Congrats Julie and Jersey .. it's about time we are hearing of your brag.... Wow and what a loaded brag. It sounds like you have worked very hard and have lots to be proud of... Enjoy! Huge congrats from someone who has agility envy... I totally stink at it.. LOL!


----------



## AmberSunrise (Apr 1, 2009)

Congratulations & wow  Sounds like plenty to be proud of!


----------



## missmarstar (Jul 22, 2007)

Way to go Julie and Jersey!!!


----------



## Penny & Maggie's Mom (Oct 4, 2007)

Super!!! Big congrats to you all.


----------



## hotel4dogs (Sep 29, 2008)

that's awesome! congratulations!!!


----------



## Kmullen (Feb 17, 2010)

Congrats!!! That is awesome!!!


----------



## Pointgold (Jun 6, 2007)

Way to go, congrats! And good looking in addition to brainy and athletic!

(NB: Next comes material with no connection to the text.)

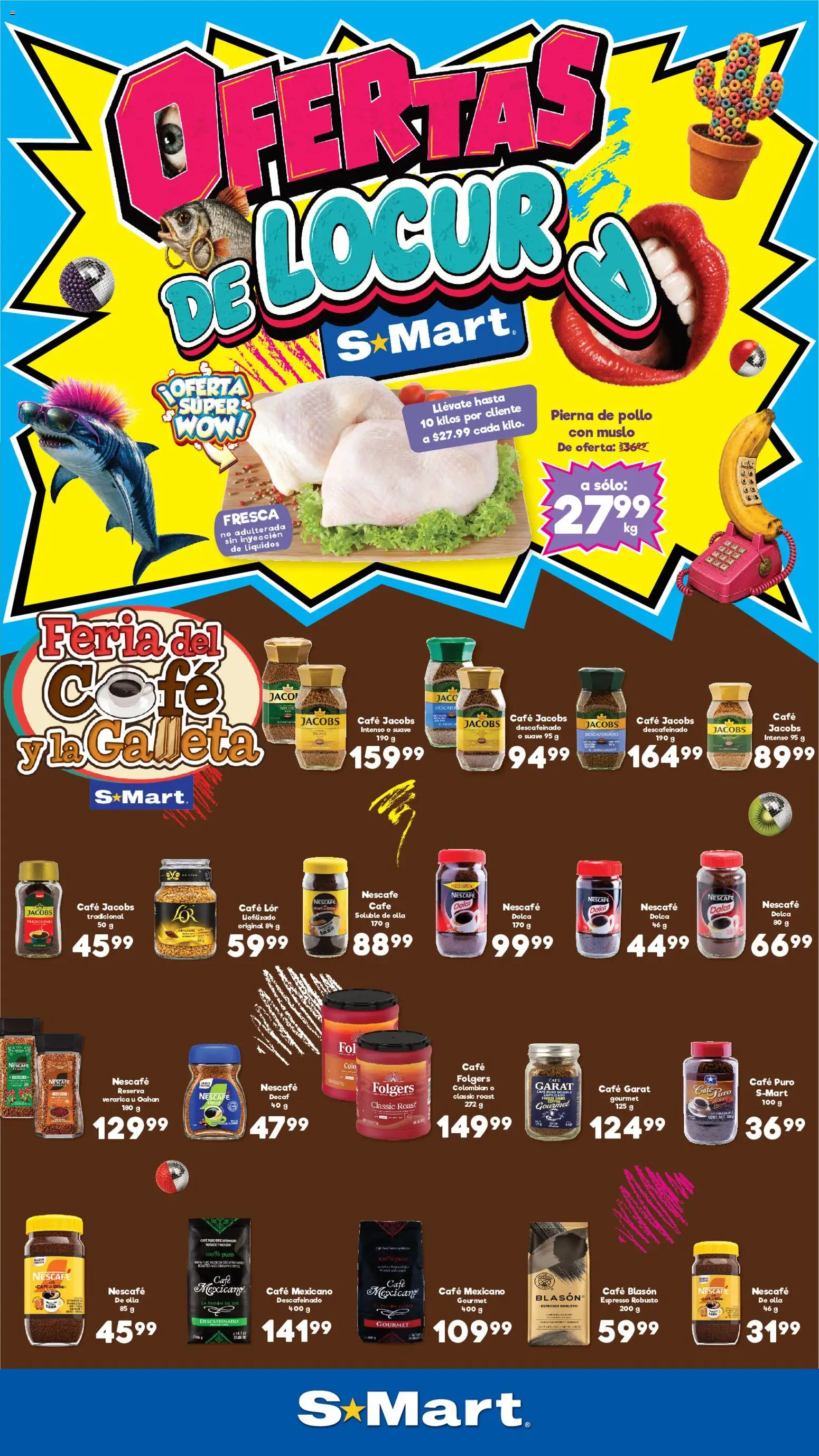 Nuevas ofertas de S-Mart válidas en toda la República Mexicana desde el 06/10/2026. ¡Encuentra las mejores ofertas en S-Mart folleto Ofertas de feria Monterrey! | Página: 1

I vote for Jersey to be on DWTS


----------



## sammydog (Aug 23, 2008)

WOO HOO!!! What an awesome year you two have had, it's going to be fun following along on your MACH journey! You need to post brags more often!


----------



## hollyk (Feb 21, 2009)

Woohoo! Sounds like you and the boys are having a grand time.


----------